The traction in sustainability investing is attributable to fintech being cost-efficient, simple and transparent

by ASILA JALIL / pic by BLOOMBERG

THE development of financial technology (fintech) has made ethical investing accessible, enticing investors to rework their portfolio to be more socially responsible.

Public interest in sustainable investing has picked up in the last five years as ethical equities continue to generate increasingly decent returns.

Stockspot Pte Ltd founder and CEO Chris Brycki said the company saw between 5% and 10% of its existing clients shifting to ethical portfolios, while it gained up to 20% new clients that are attracted to sustainable investing.

The traction in sustainability investing is attributable to fintech having advantages such as cost efficiency, simplicity and transparency, Brycki said.

“In the past, it was tough for you to know what you invested in and this is particularly relevant for sustainable investing because there were sustainable funds out there, but it was hard to determine whether what you were investing was aligned with your ethics and values.

“Now, the benefit we are seeing is there is a whole new low-cost and very transparent ethical options where you know exactly what is inside them and it enables you to choose one that is aligned with your particular view of the world,” he said during the SCxSC Fintech Conference 2020 held recently.

Technology has also helped in lowering the cost to invest, enabling smaller balance individuals to get involved with the activity which was only available for the rich in the past, he said.

The Sydney-based online investment advisor and fund manager company also learned that most of its clients prefer to not put money into companies that invest in fossil fuels.

Brycki said Stockspot, which has six years of traditional portfolios, has recently launched ethical versions for each of those portfolios that invest in specific types of exchange-traded funds that focus on removing companies that are deemed to be unsustainable, while adding more investments into sustainable ones.

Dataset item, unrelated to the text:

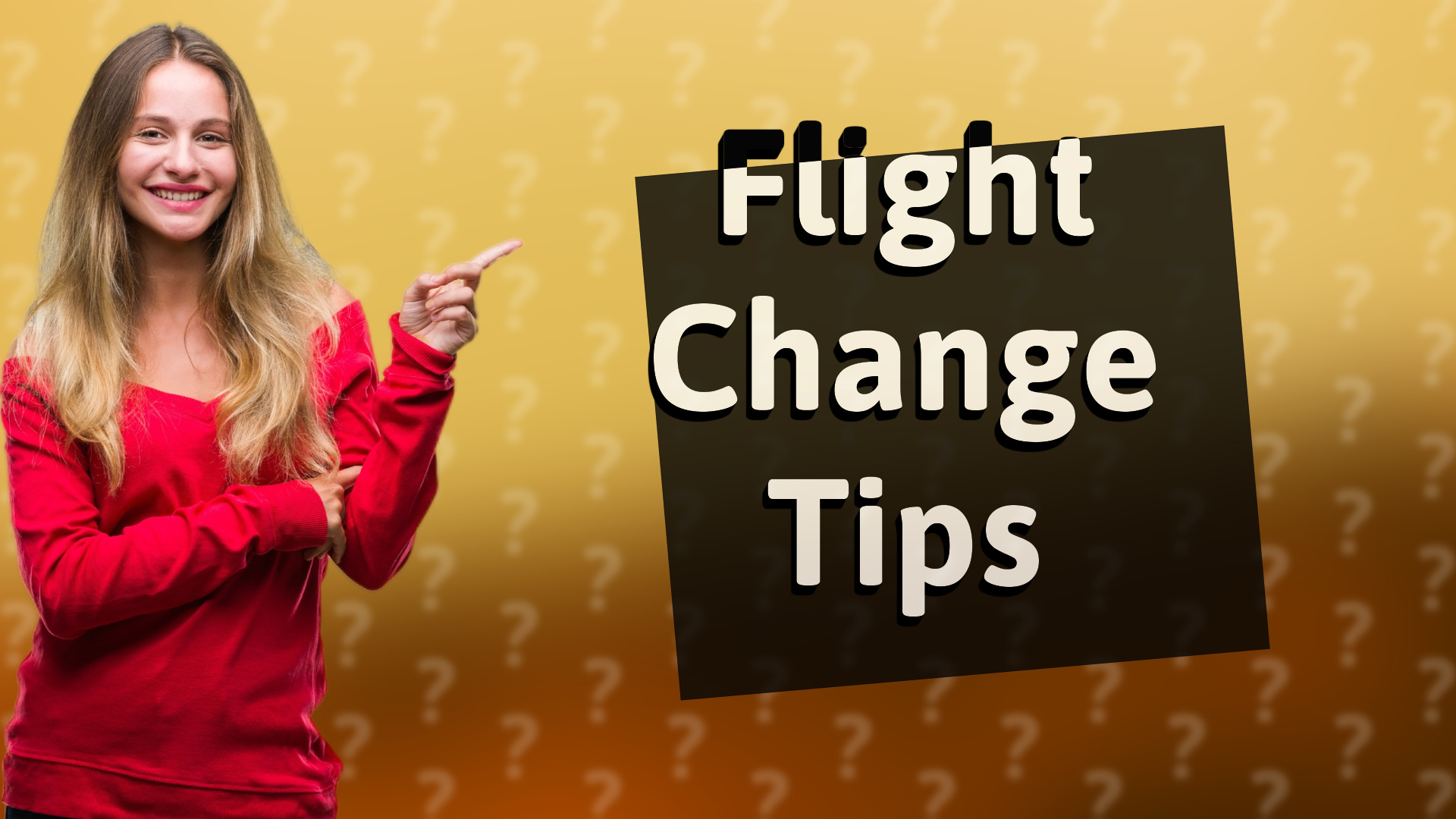 Flight Change Tips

“We surveyed our clients to work out what are the types of investments that they were and were not comfortable having in their portfolios.

“What we found out from our clients on what they are passionate about was that they did not want to invest in any companies with investments in fossil fuels. We made sure all the funds invested in do not have fossil fuel investments in them,” he said.

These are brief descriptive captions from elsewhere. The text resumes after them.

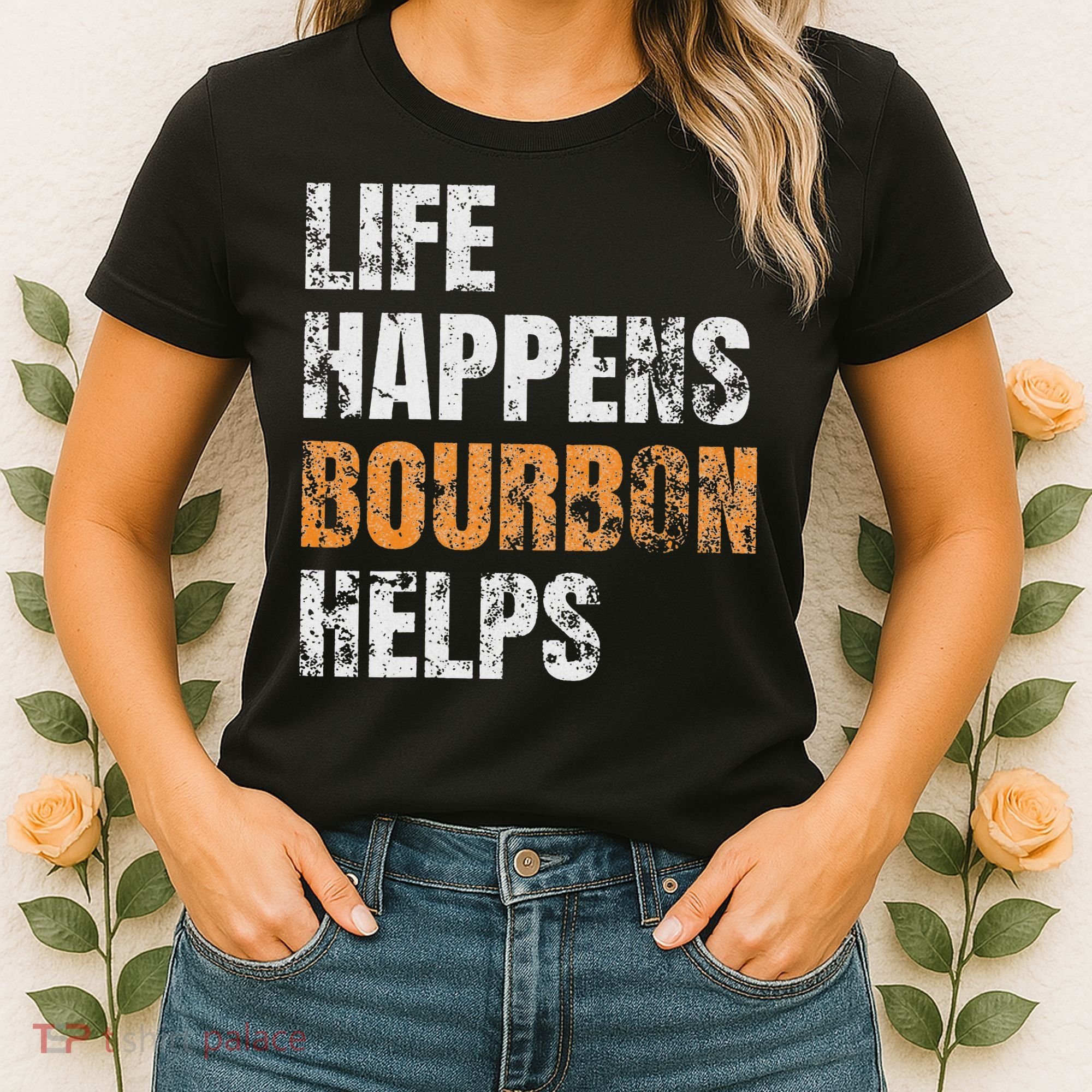 Life Happens Bourbon Helps Funny Women's T-Shirt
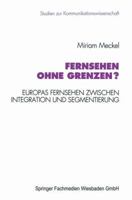 Fernsehen ohne Grenzen?: Europas Fernsehen zwischen Integration und Segmentierung (Studien zur Kommunikationswissenschaft) 3531126202 Book Cover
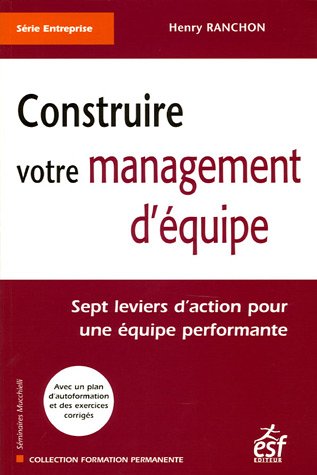 Construire votre management d'équipe : Sept leviers d'action pour une équipe performante
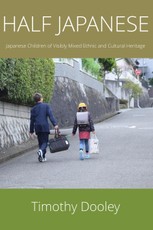 Half Japanese: Japanese Children of Mixed Ethnic and Cultural Heritage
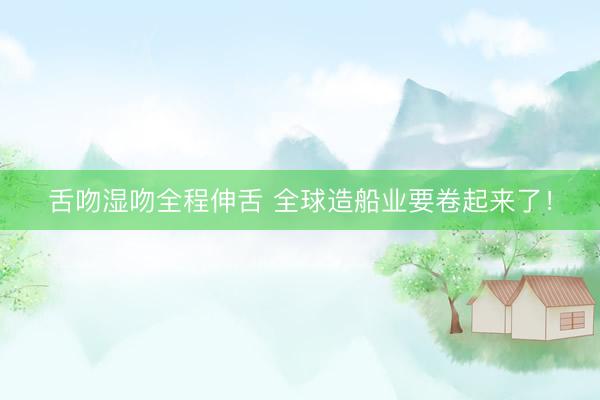 舌吻湿吻全程伸舌 全球造船业要卷起来了！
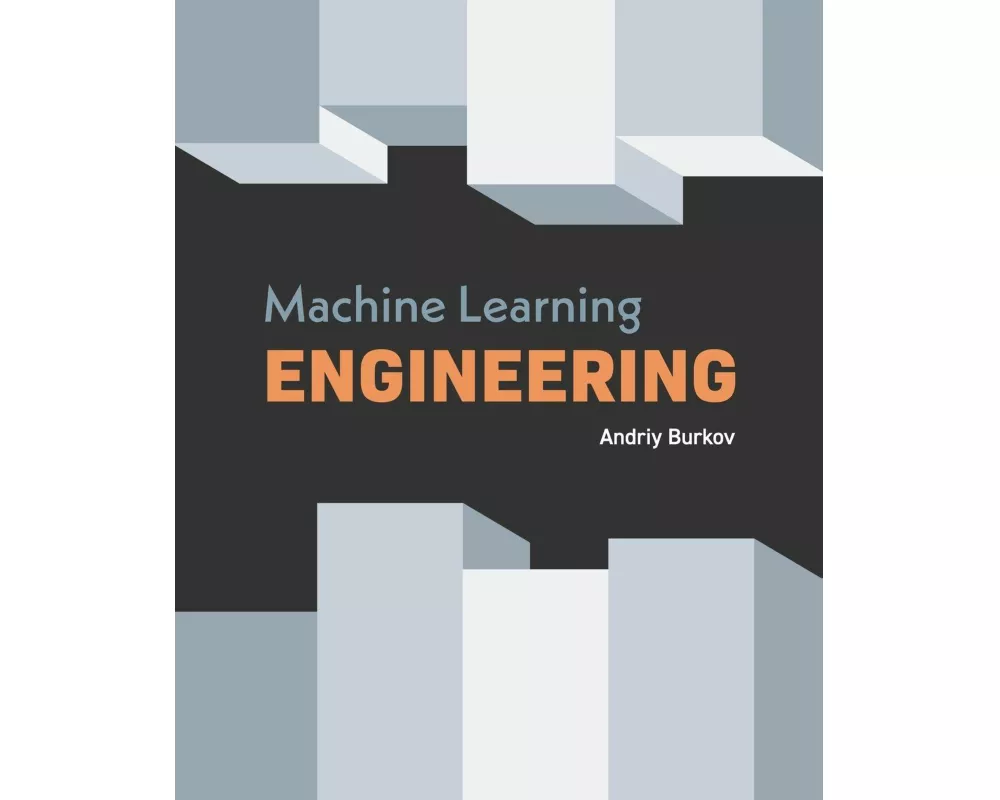 Machine Learning Engineering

He added that the percentage of new clients that the company is seeing for ethical investments is made up of the younger generation mainly those in their twenties and thirties, while not much interest is shown by those aged 50 and above.

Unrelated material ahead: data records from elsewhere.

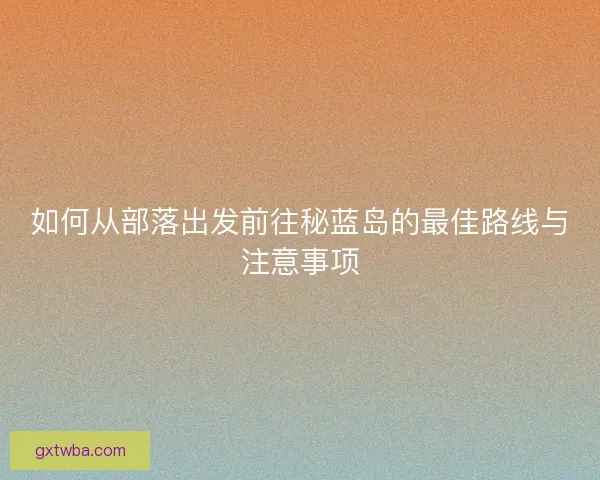 如何从部落出发前往秘蓝岛的最佳路线与注意事项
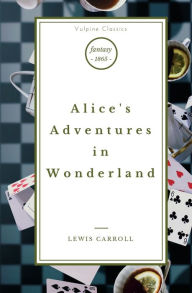 Title: Alice's Adventures in Wonderland, Author: Lewis Carroll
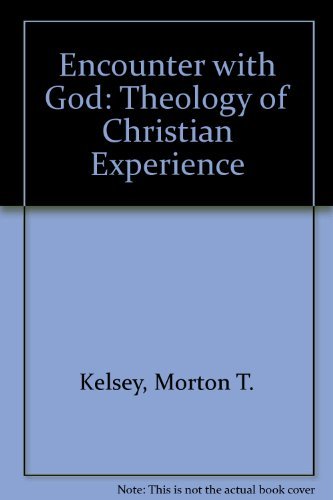 Stock image for Encounter with God: Theology of Christian Experience for sale by GoldBooks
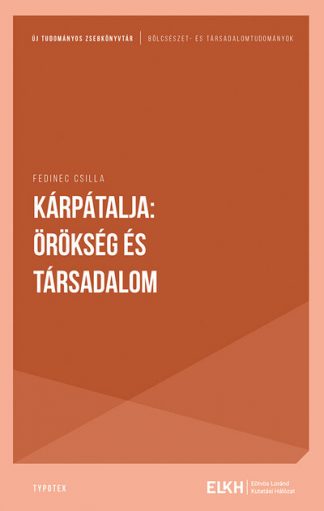 Fedinec Csilla - Kárpátalja: Örökség és társadalom - Új tudományos zsebkönyvtár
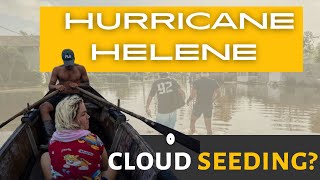 Cloud Seeding amp Hurricane Helene Are We Controlling the Storm 💭 [upl. by Sivle135]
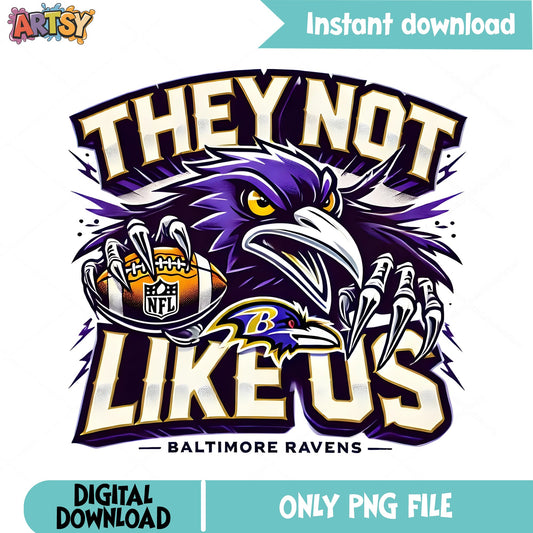 Baltimore Ravens They Not Like Us PNG, NFL Football PNG, Ravens Fan PNG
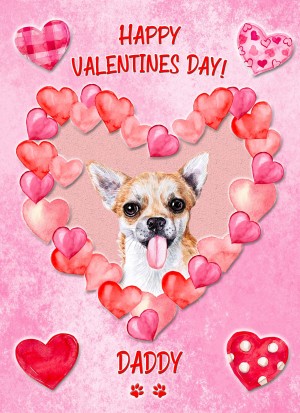 Chihuahua Dog Valentines Day Card (Happy Valentines, Daddy)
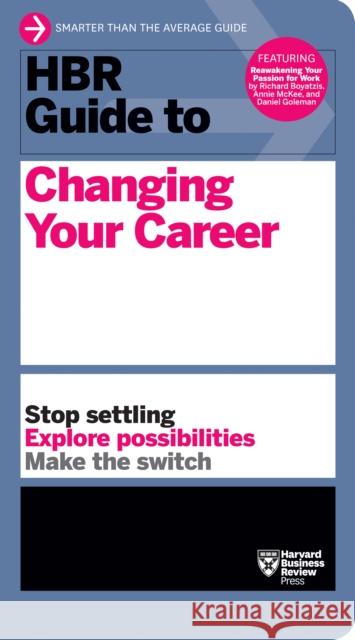 HBR Guide to Changing Your Career Harvard Business Review 9781633696792 Harvard Business School Press - książka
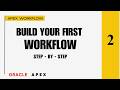 2. Create Your First Workflow in Oracle APEX | Parameters, Variables, Versions...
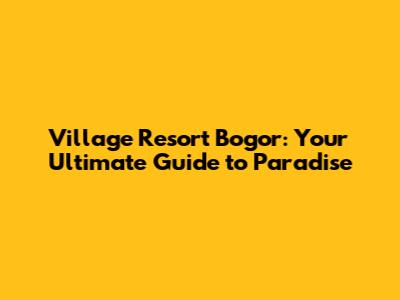 Village Resort Bogor: Your Ultimate Guide to Paradise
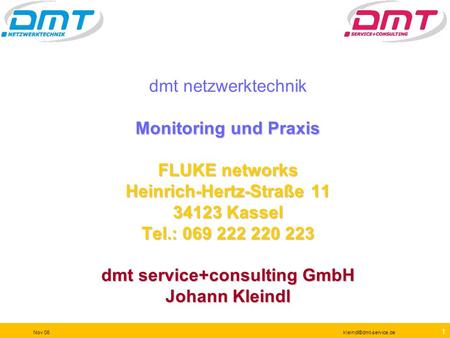 Dmt netzwerktechnik Monitoring und Praxis FLUKE networks Heinrich-Hertz-Straße 11 34123 Kassel Tel.: 069 222 220 223 dmt service+consulting GmbH Johann.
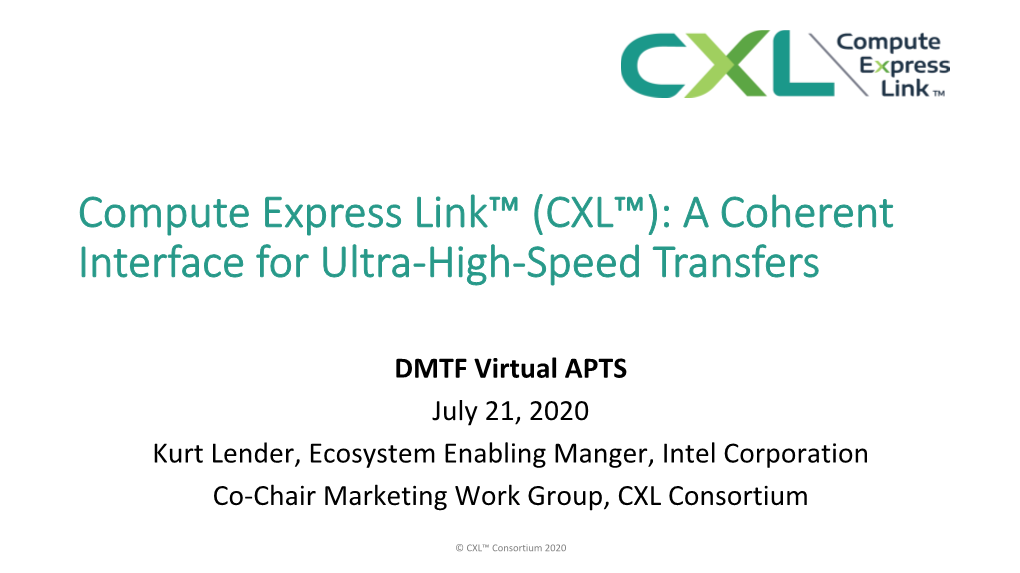 Compute Express Link™ (CXL™): a Coherent Interface for Ultra-High-Speed Transfers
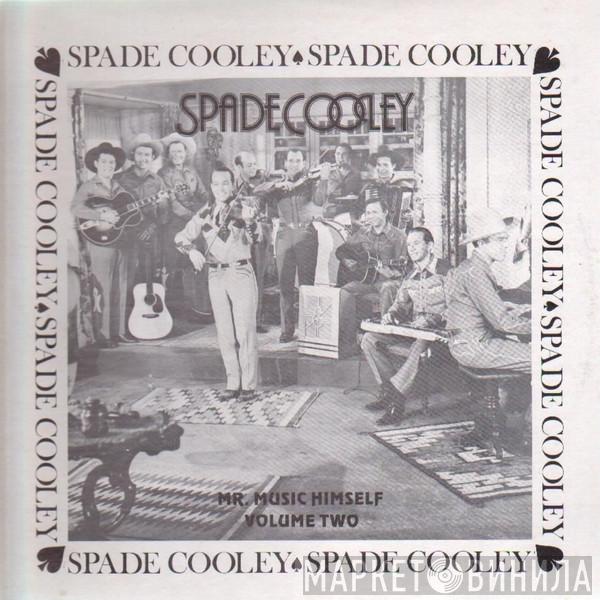 Spade Cooley - Mr. Music Himself Volume Two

He added that responsible investing is also accelerating at a different speed in different parts of the world. Europe is seeing a rapid movement in this type of investments, while Australia and the US are slowly picking up the trend. Asian countries are still further behind.

Meanwhile, ConnectionPoint Systems Inc CEO Daryl Hatton said the development in fintech has made it easier for individuals to get involved in a cause and raise funds for specific issues. The advancement in technology allows donors today to be aware of the details of how funds are being utilised to make an impact within a community.

“A lot of the time when we are talking about charitable causes, we need to learn about it, what the problem is and how additional contribution can help change the outcome of that story.

Hatton said the desire to ensure their actions have an impact in the world or the giving behaviour is very pronounced in millennials and Generation Z, where they want to make a difference in the world and feel empowered when they can do so.

He, however, said the idea transcends across generations as it is highly dependent on one’s technical knowledge.

“You can have baby boomers doing the exact same thing and feeling the same way. The difference is not so much in the demographic age, but the level of technical maturity and adoption.

“We can see seniors actively donating online or promoting the causes that they care about, using the wealth that they have accumulated to make a big difference.

“So, it is less about age groups but more about how digitally savvy they are in the way they think about the world,” he said.